[Exercise data Boundary: Start]

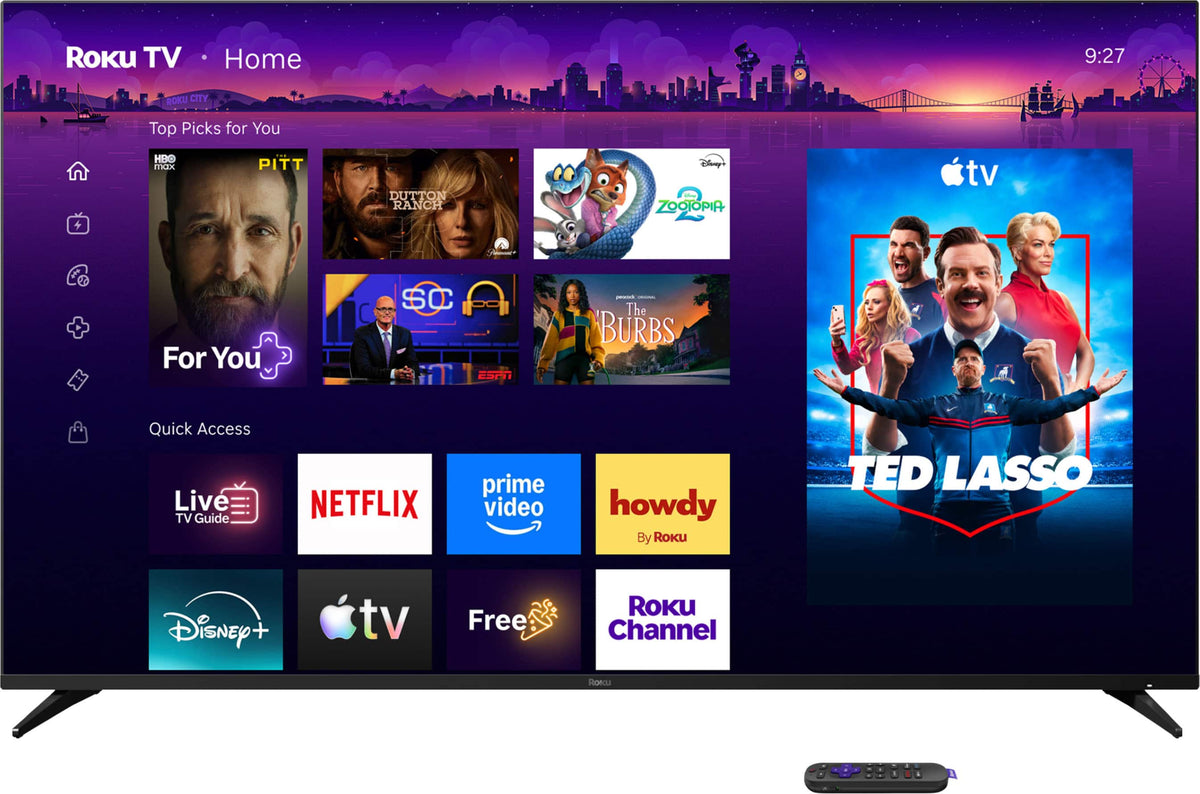 Roku - 75" Class Pro Series 4K QLED Mini-LED Smart RokuTV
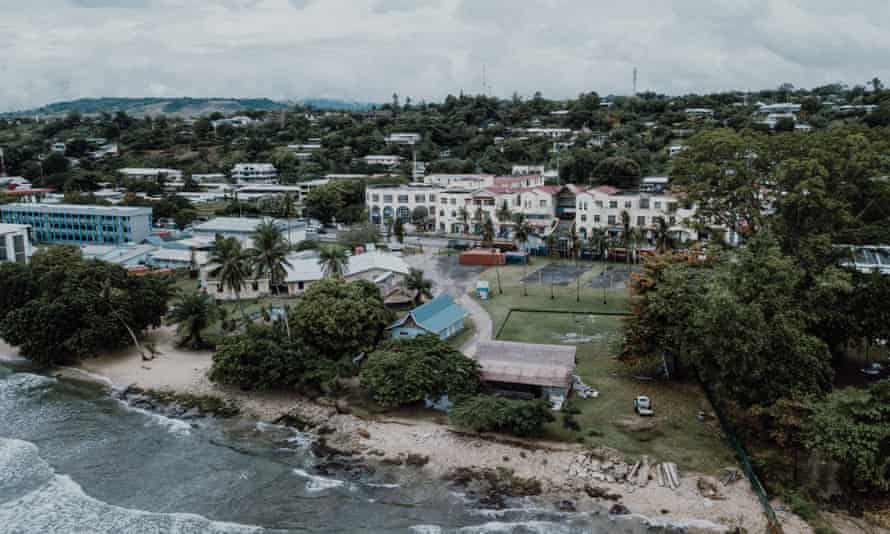 Honiara, the capital of Solomon Islands.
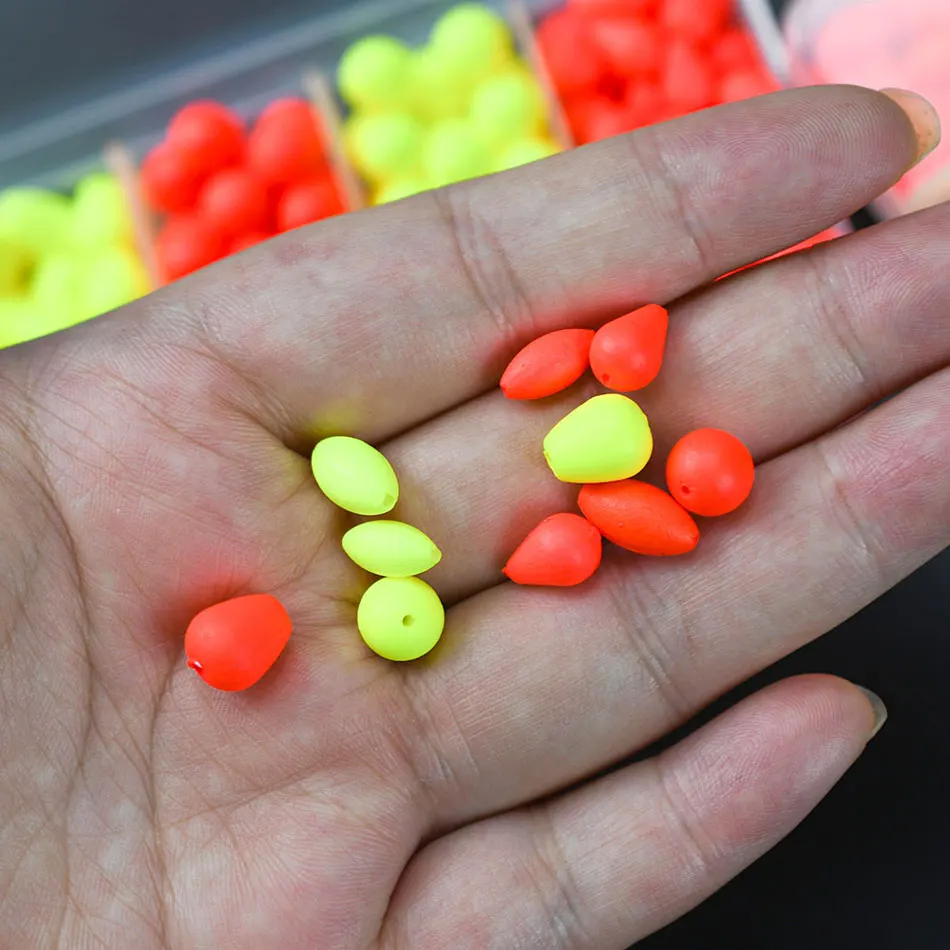 Perlas flotantes EVA en tonos fluorescentes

[Exercise data Boundary: End]

(Activity)
Take the data above and repeat it exactly, leaving each picture out.

(Result below)
 Roku - 75" Class Pro Series 4K QLED Mini-LED Smart RokuTV
 Honiara, the capital of Solomon Islands.
 Perlas flotantes EVA en tonos fluorescentes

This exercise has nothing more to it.